→ WHAT THE EXERCISE ASKS:
Do not include the pictures; repeat the rest of the data exactly.

→ DATA EXCERPTS:
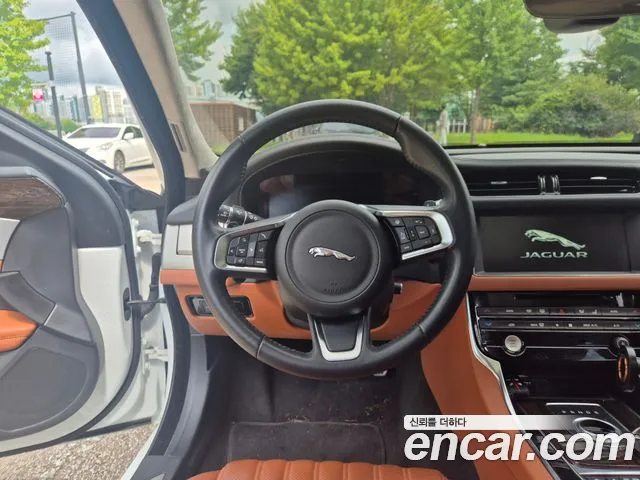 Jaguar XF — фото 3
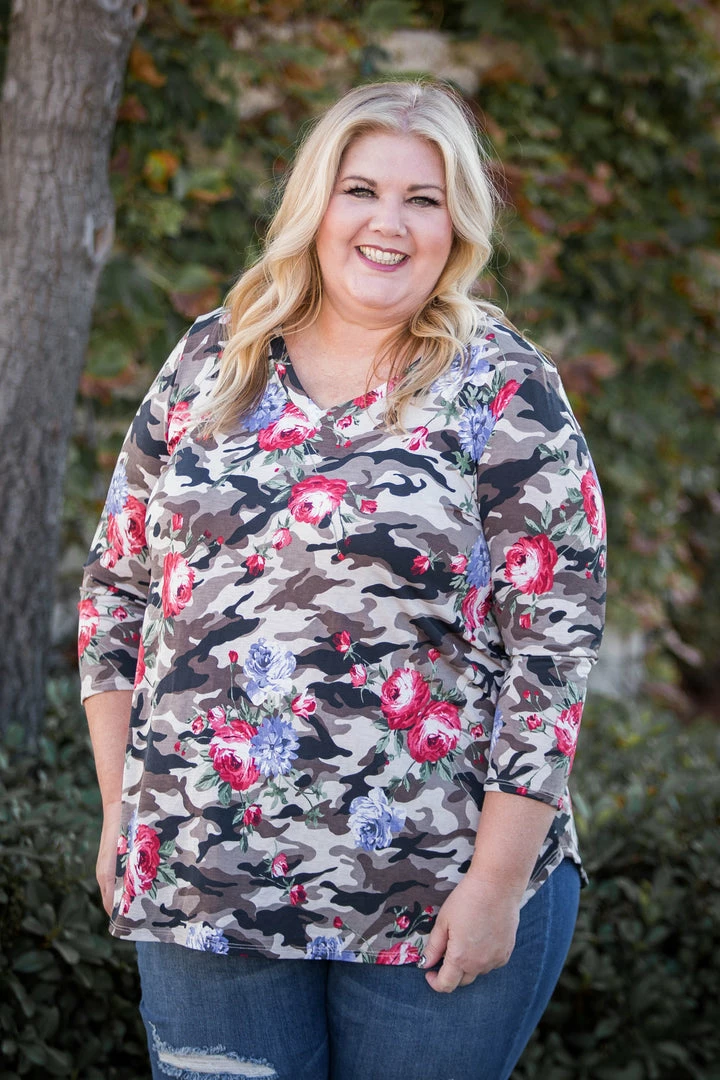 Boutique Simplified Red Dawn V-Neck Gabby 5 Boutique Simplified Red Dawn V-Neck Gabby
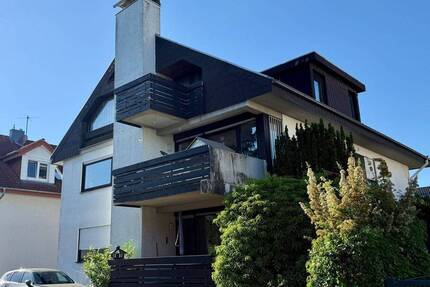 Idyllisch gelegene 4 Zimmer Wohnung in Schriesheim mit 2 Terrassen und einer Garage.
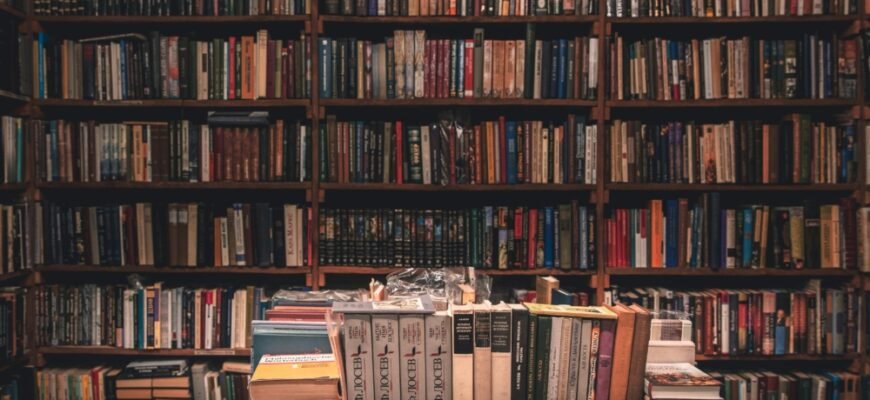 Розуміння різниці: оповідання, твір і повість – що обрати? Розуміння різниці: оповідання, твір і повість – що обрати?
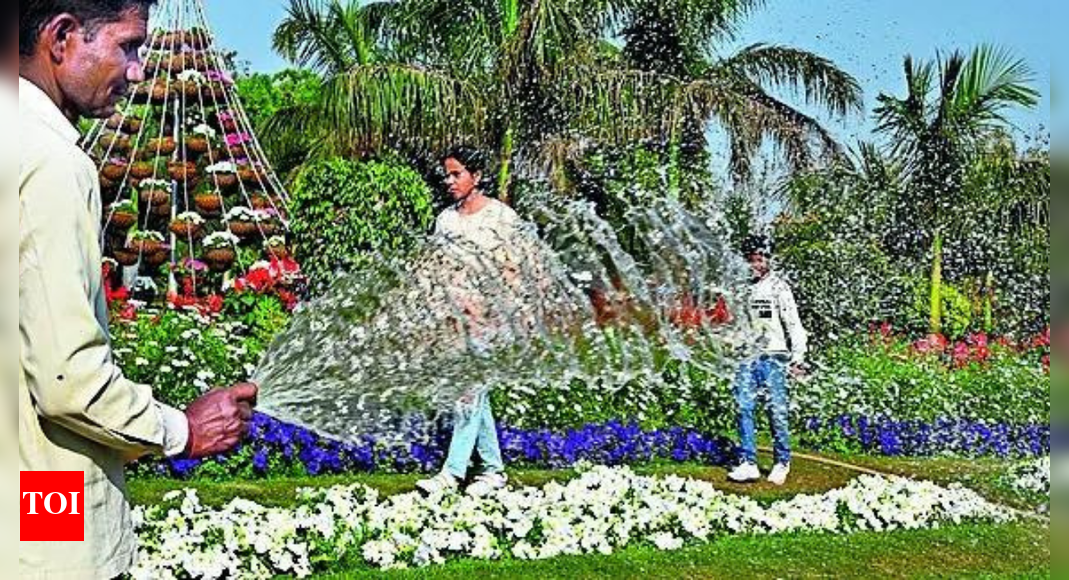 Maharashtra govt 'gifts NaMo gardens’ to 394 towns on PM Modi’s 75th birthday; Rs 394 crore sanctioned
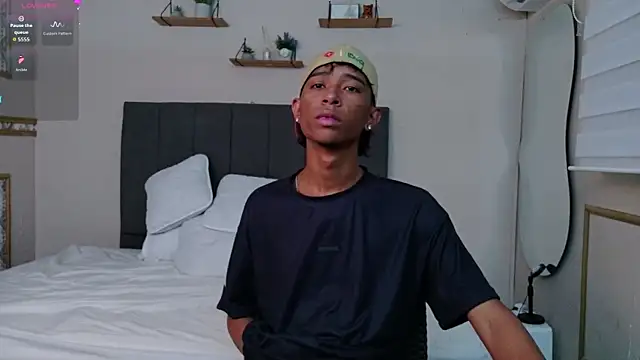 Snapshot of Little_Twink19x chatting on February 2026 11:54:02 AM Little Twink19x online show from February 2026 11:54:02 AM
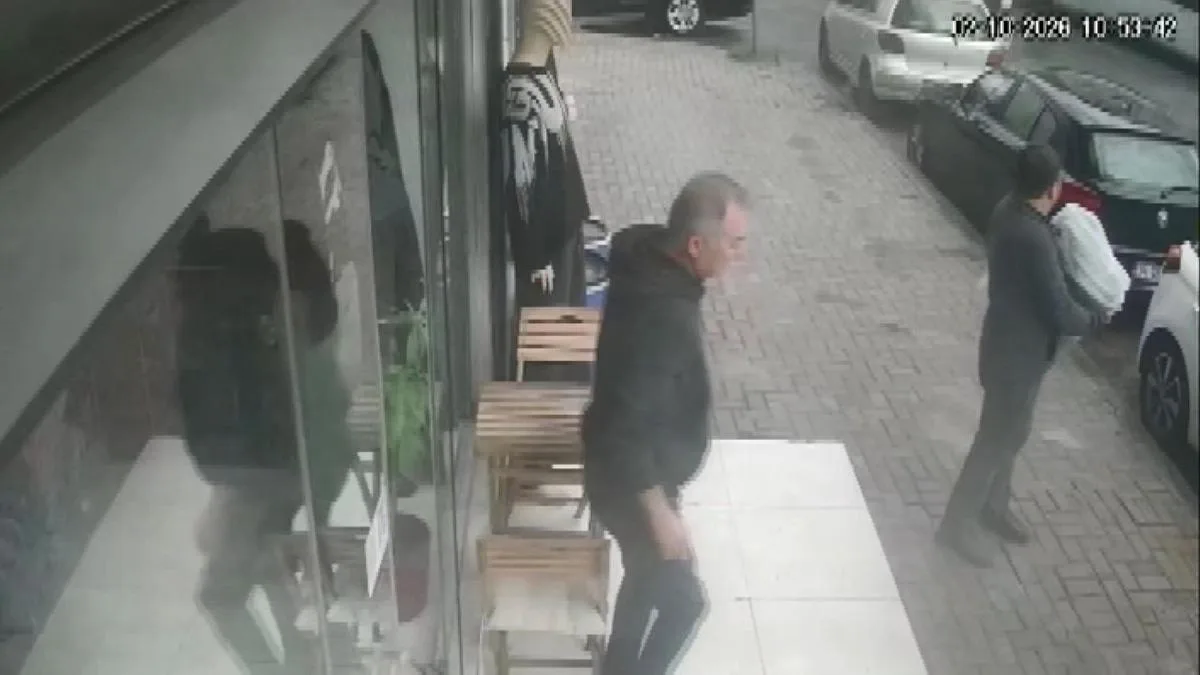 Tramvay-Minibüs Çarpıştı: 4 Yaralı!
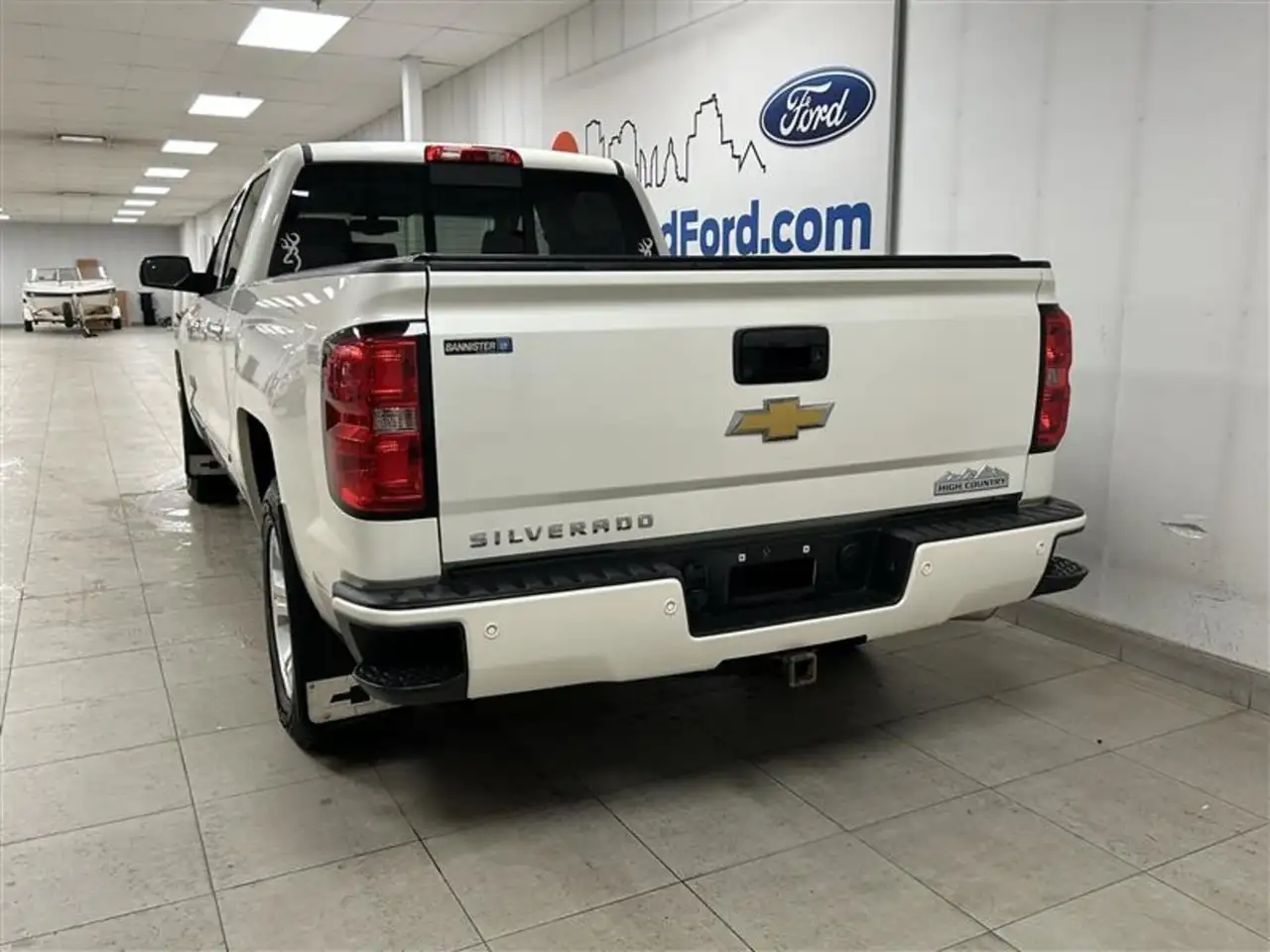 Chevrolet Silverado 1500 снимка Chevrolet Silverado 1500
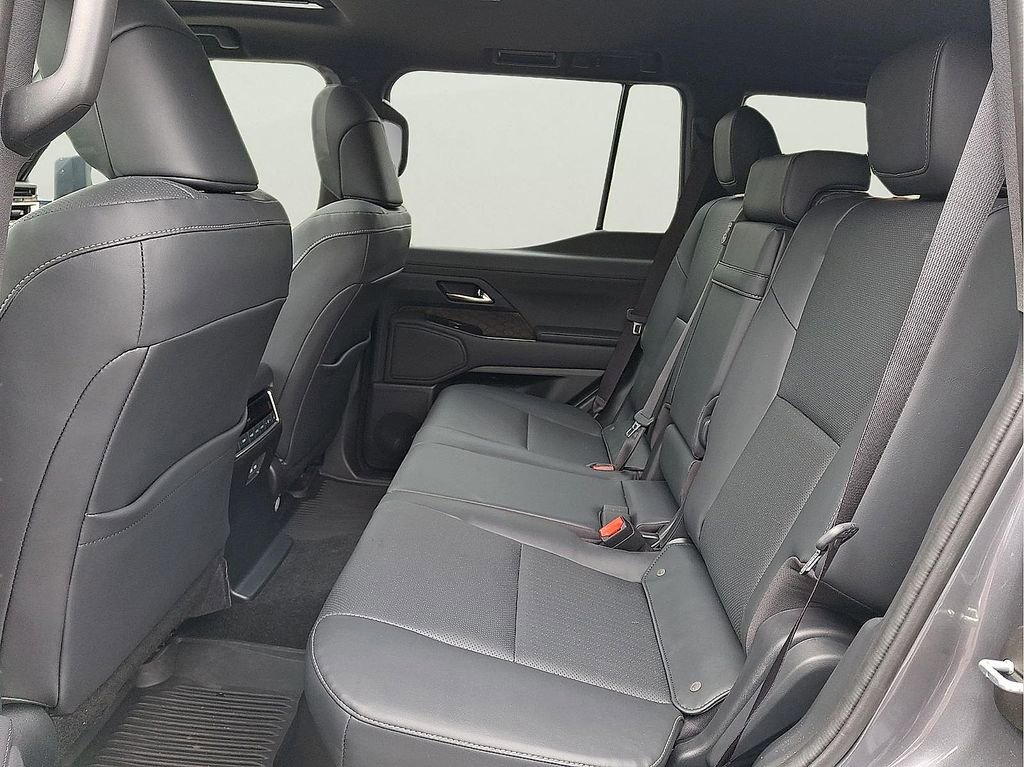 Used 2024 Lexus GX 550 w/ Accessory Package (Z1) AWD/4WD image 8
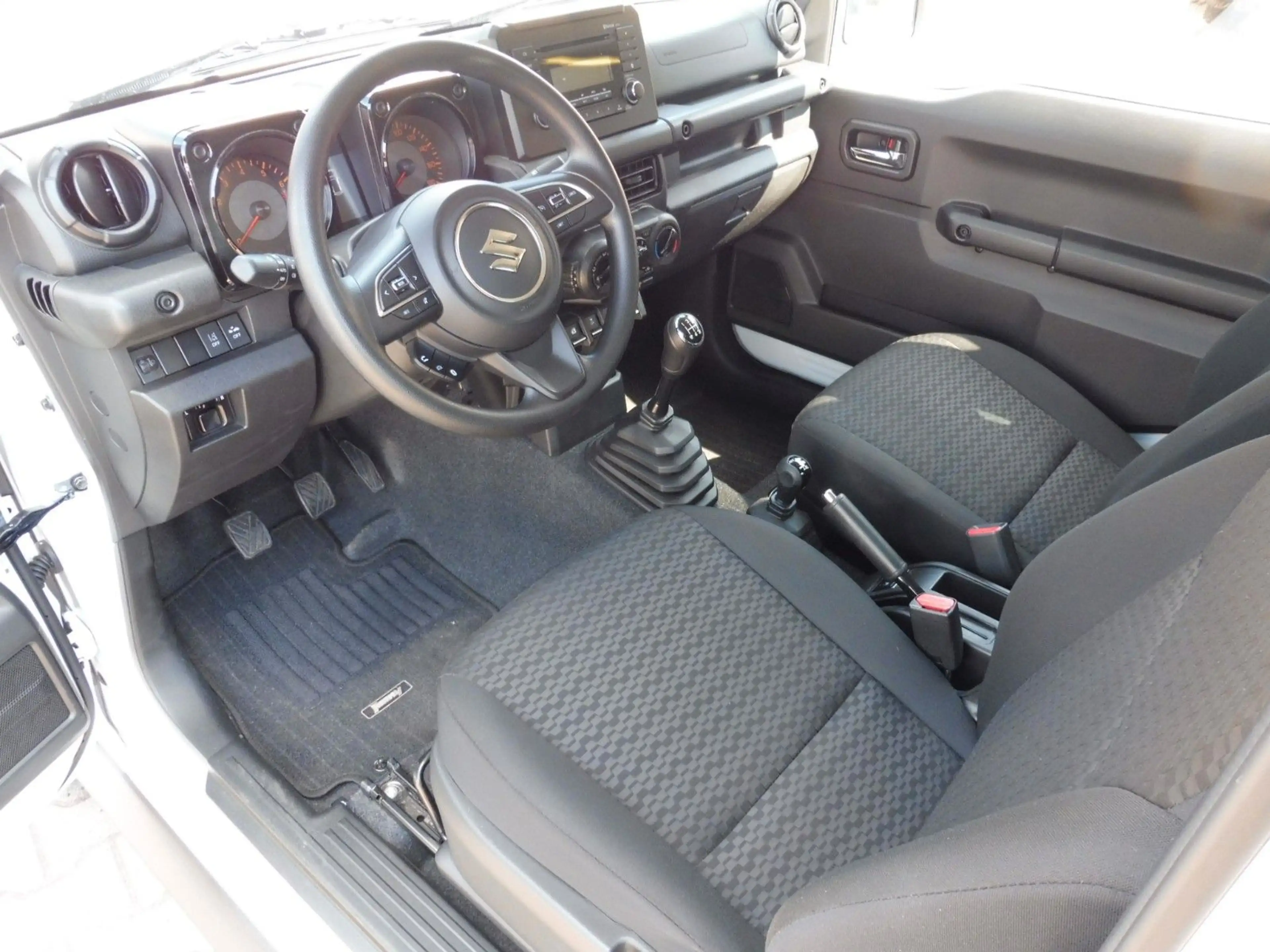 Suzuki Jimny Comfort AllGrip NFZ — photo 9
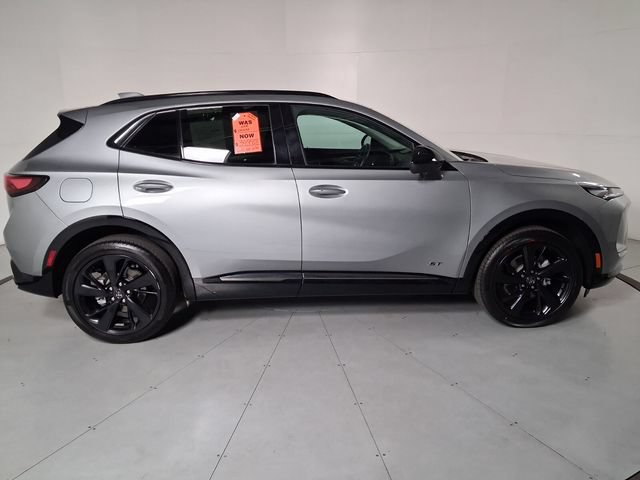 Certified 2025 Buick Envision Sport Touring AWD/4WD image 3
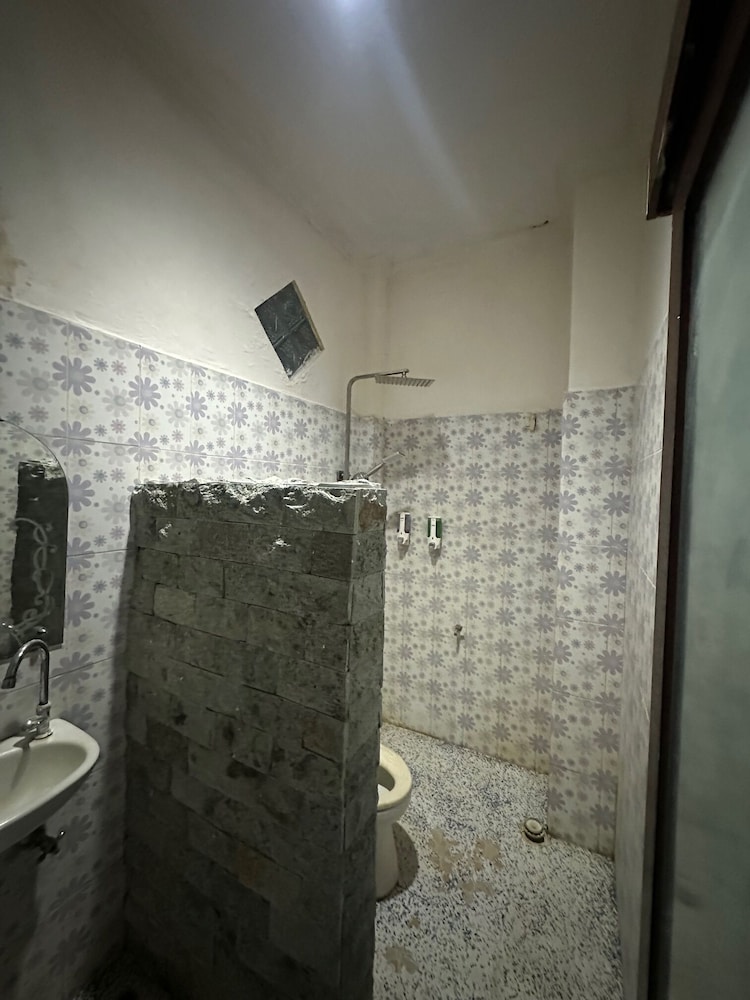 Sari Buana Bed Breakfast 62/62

→ WRITTEN RESPONSE:
 Jaguar XF — фото 3
 Boutique Simplified Red Dawn V-Neck Gabby 5 Boutique Simplified Red Dawn V-Neck Gabby
 Idyllisch gelegene 4 Zimmer Wohnung in Schriesheim mit 2 Terrassen und einer Garage.
 Розуміння різниці: оповідання, твір і повість – що обрати? Розуміння різниці: оповідання, твір і повість – що обрати?
 Maharashtra govt 'gifts NaMo gardens’ to 394 towns on PM Modi’s 75th birthday; Rs 394 crore sanctioned
 Snapshot of Little_Twink19x chatting on February 2026 11:54:02 AM Little Twink19x online show from February 2026 11:54:02 AM
 Tramvay-Minibüs Çarpıştı: 4 Yaralı!
 Chevrolet Silverado 1500 снимка Chevrolet Silverado 1500
 Used 2024 Lexus GX 550 w/ Accessory Package (Z1) AWD/4WD image 8
 Suzuki Jimny Comfort AllGrip NFZ — photo 9
 Certified 2025 Buick Envision Sport Touring AWD/4WD image 3
 Sari Buana Bed Breakfast 62/62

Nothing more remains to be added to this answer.